Le premier volume est centré sur l'enfance et l'intégration du jeune Jung dans sa famille d'adoption, que l'auteur raconte avec beaucoup d'humour et de sensibilité. Une intégration fulgurante, au point qu'il en oublie quasiment ses origines, refoulées au plus profond de sa conscience. Il y raconte également la relation difficile qu'il entretient avec sa nouvelle mère, une femme froide, sévère et complexe, qui lui témoigne peu d'affection mais prend à coeur de lui assurer une solide éducation. Jung alterne les passages graves avec les épisodes plus légers, en soulignant l'immense complicité qu'il entretient avec ses frères et soeurs. Le second volume traite son adolescence et sa vie de jeune adulte. Son talent pour le dessin, qu'il évoquait déjà dans le premier volume s'y affirme, ainsi que sa passion pour le Japon, un Japon fantasmé à la fois si loin et si proche de cette Corée qu'il ne cesse d'occulter. Evidemment la découverte de la sexualité était un passage presque incontournable, mais Jung traite le sujet avec beaucoup d'humour et de simplicité, de manière explicite mais sans surenchère.
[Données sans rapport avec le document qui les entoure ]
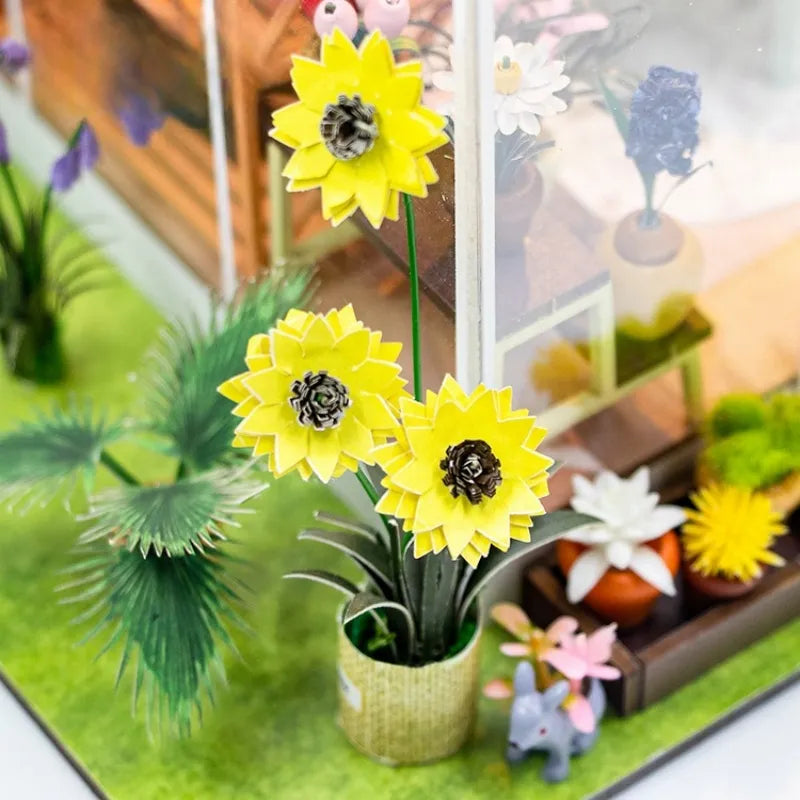 Miniature House - Sunshine Flower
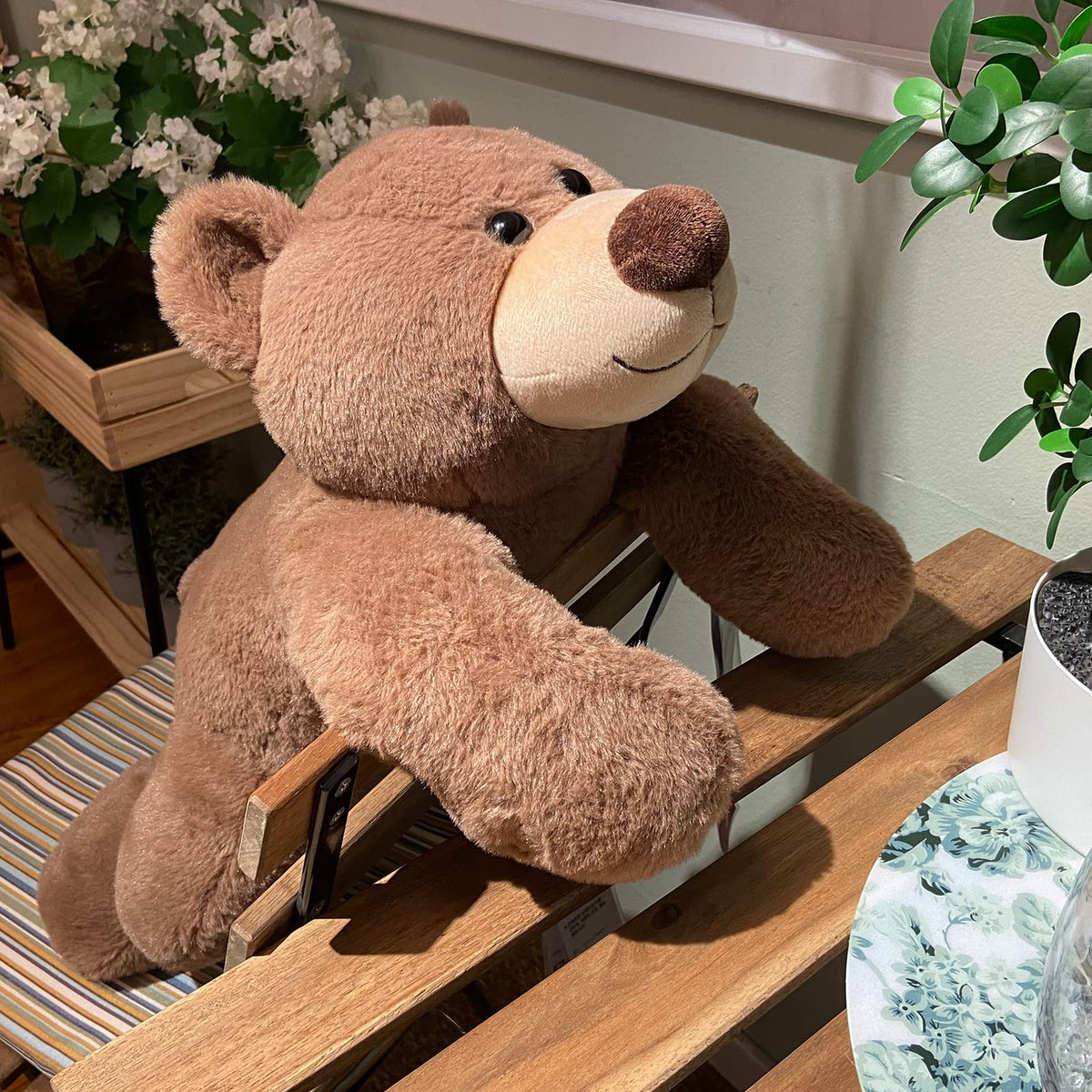 Fiosnow weighted brown bear office use provides a cozy break companion.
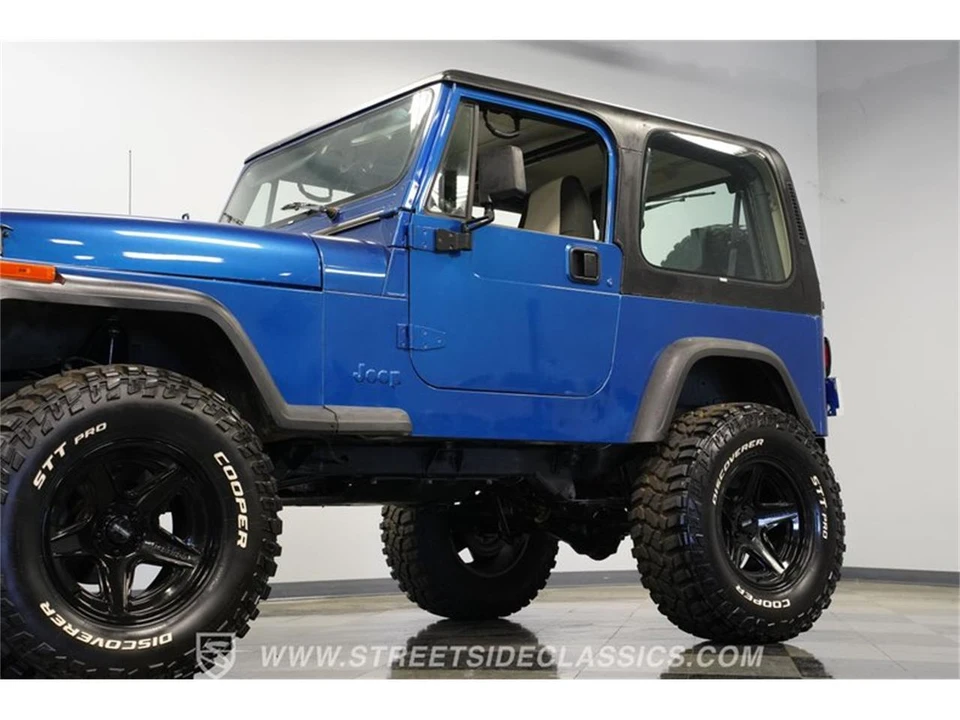 1995 Jeep YJ Wrangler - Image 21 of 31
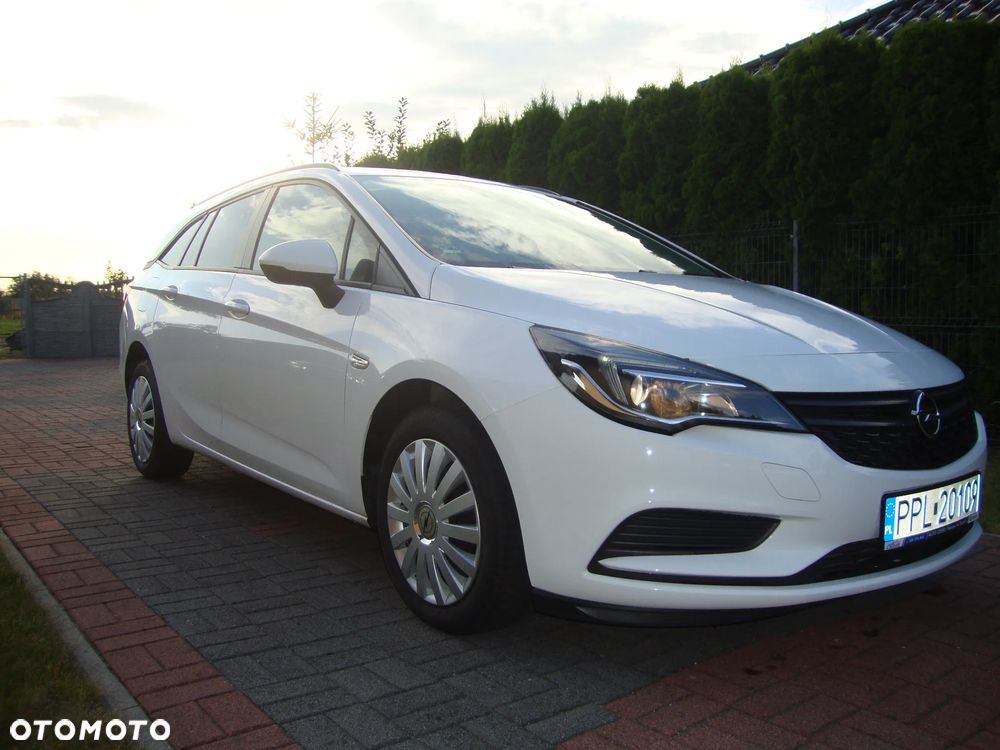 Opel Astra 1.6 D (CDTI) Sports Tourer Business - 3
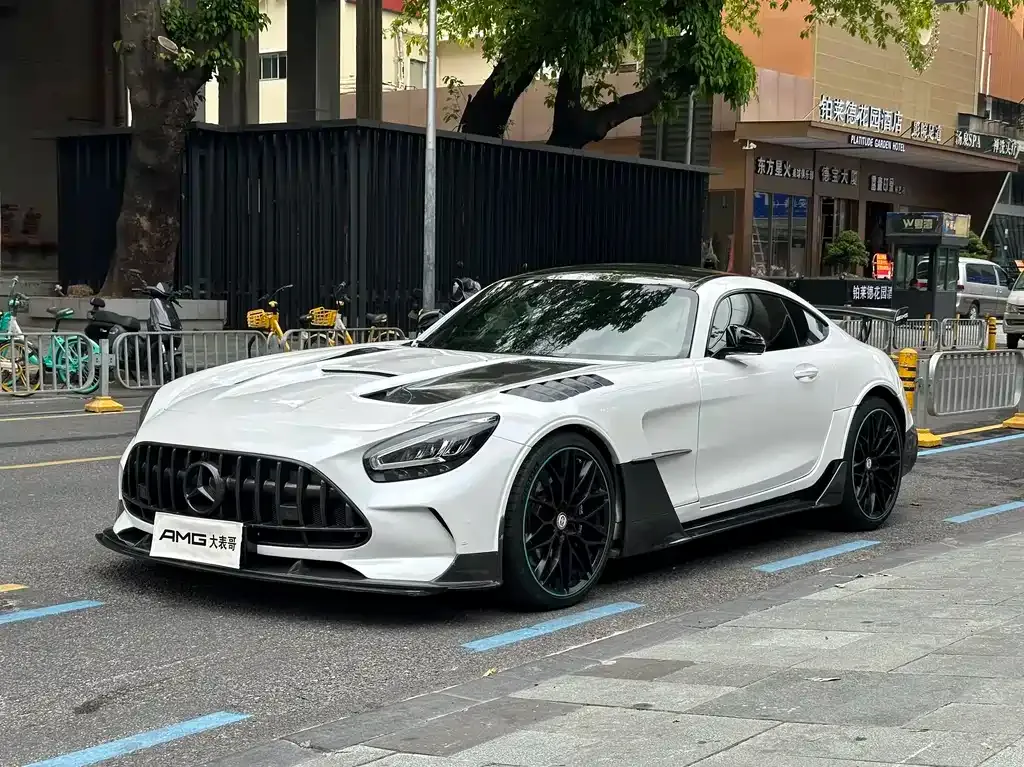 Mercedes-Benz AMG GT — фото 1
De cette enfance Jung retient une chose essentielle, si ses parents ne lui ont pas toujours témoigné l'affection qu'il attendait ils lui ont donné, malgré leurs maladresses et leur sévérité, une vraie famille, la sécurité d'un foyer et à leur manière leur amour. Reste qu'en grandissant la question de ses origines finit par remonter à la surface et le taraude de manière de plus en plus pressante et viscérale. Avec la maturité arrive finalement le temps de la réconciliation, qui permettra de refermer les plaie et de se construire une identité  riche d'un passé trop longtemps refoulé.


Dans la droite lignée du travail de Jiro Taniguchi, Jung possède ce talent rare qui consiste à transmettre de l'émotion à travers son texte et son dessin, le choix du noir et blanc est ici parfaitement adapté et recèle une palette de niveaux de gris et de nuances assez étonnante. Le travail sur les ombres est particulièrement réussi. Mais on est surtout fasciné et happé par la richesse émotionnelle tout en sobriété qui se dégage de cette oeuvre étonnante ; on sourit, on rit, une larme perle au coin de l'oeil à de nombreuses reprises au fil de cette histoire si émouvante racontée avec un talent hors norme et une gravité jamais pesante.